The 1989-1990 CML annual report also stated the government was “content to leave the mortgage market alone and there has been no significant government intervention”. It is safe to say times have changed in this area.

Over the years, the CML has been a key stakeholder in the development of affordable housing schemes, an evolving regulatory landscape and shared good practice.

These changes have meant the mortgage industry is certainly wiser and more experienced than it was 25 years ago (with some scars to prove it).

Partly due perhaps to the two housing slumps, in the early 1990s and following the financial crisis of 2008, there has been significant regulatory intervention mainly in the last decade to make the market more stable and attuned to the rest of the economy.

 

 

 

The Mortgage Code

In 1997, the CML introduced the voluntary Mortgage Code complementing the Banking Code to bring in consistent practices on mortgage selling and administration.

It then lobbied for the code to be superseded in 2004 by statutory regulation under the Financial Services Authority’s mortgage conduct of business (MCOB) rulebook.

This required firms to lend within a responsible framework and provide more information to borrowers upon application.

Those powers were extended in 2007 to include home reversion plans. Then, in April this year we saw the implementation of the Mortgage Market Review (MMR), introducing a plethora of new regulatory requirements including interest rate ‘stress tests’ and affordability requirements, and advice for borrowers as the default service level.

And we are now heavily involved in discussions about implementation of a European Directive that will have a major impact on the market in the next few years.

Alongside a much more regimented regulatory framework, another significant theme running through the past 25 years has been the question of how mortgage arrears and possessions should be handled.

Early in the CML’s history, a downturn in the market resulted in 0.77% of all mortgaged properties being repossessed in 1991. During the recent downturn, repossession numbers peaked at 0.43% in 2008. There has been a steady decline since, with a repossession rate of 0.26% of all loans in 2013.

This difference is partly the result of a concerted effort by the CML and individual lenders to improve practices and help achieve better outcomes when payment problems occur.
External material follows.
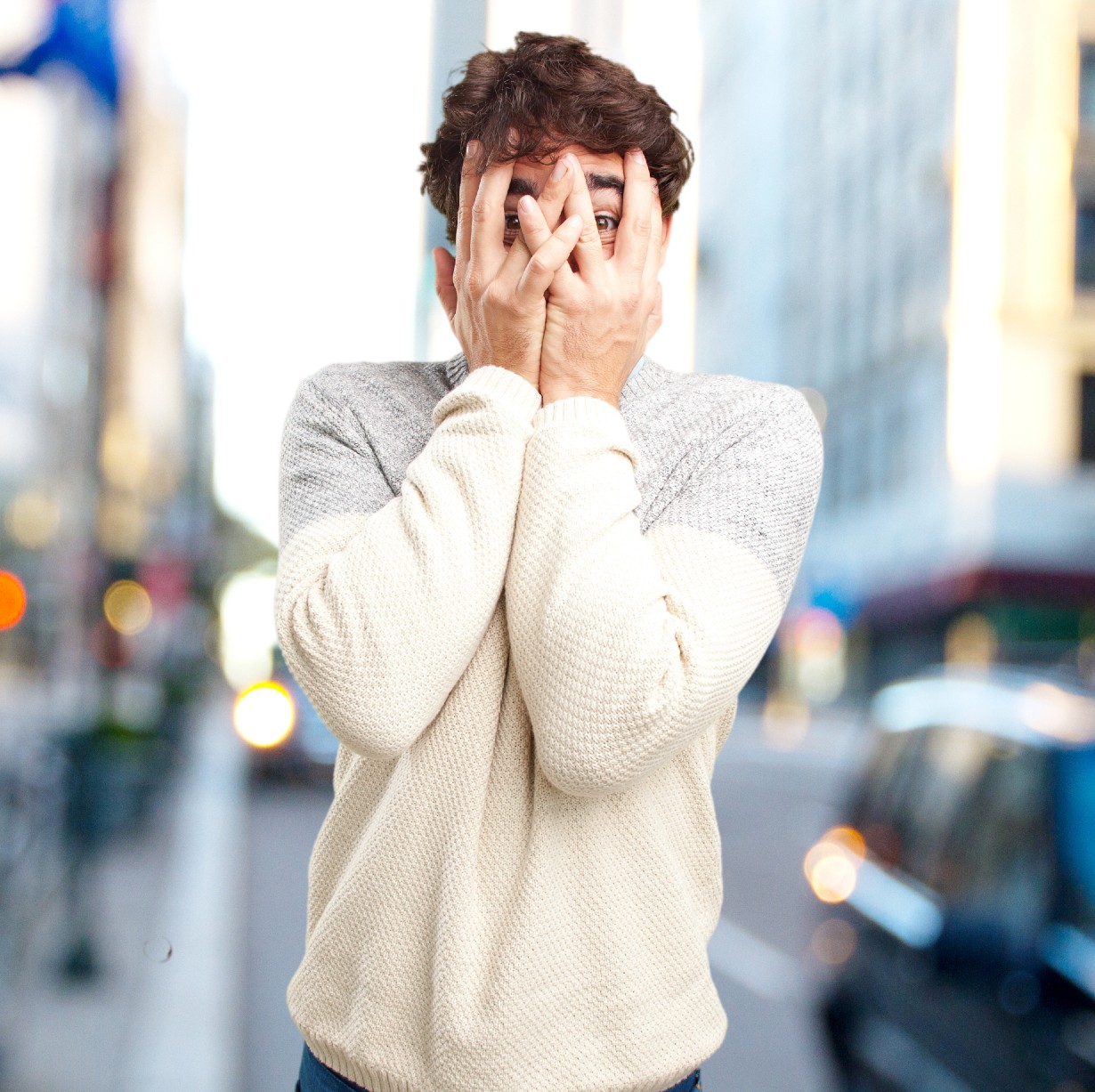 Νέος άντρας με απεγνωσμένο ύφος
The past six years of successfully keeping arrears down have created a strong template which will continue to be developed further, especially with expected interest rate rises over the next few years.

We have been at the forefront of change over the last 25 years in all these areas. Looking ahead, the CML will continue to be a voice for the industry in the media. We will continue to publish and expand upon the data we provide to stakeholders, to organise events that highlight the best ideas in our industry and to continue to be involved in the political and regulatory debate around the mortgage market.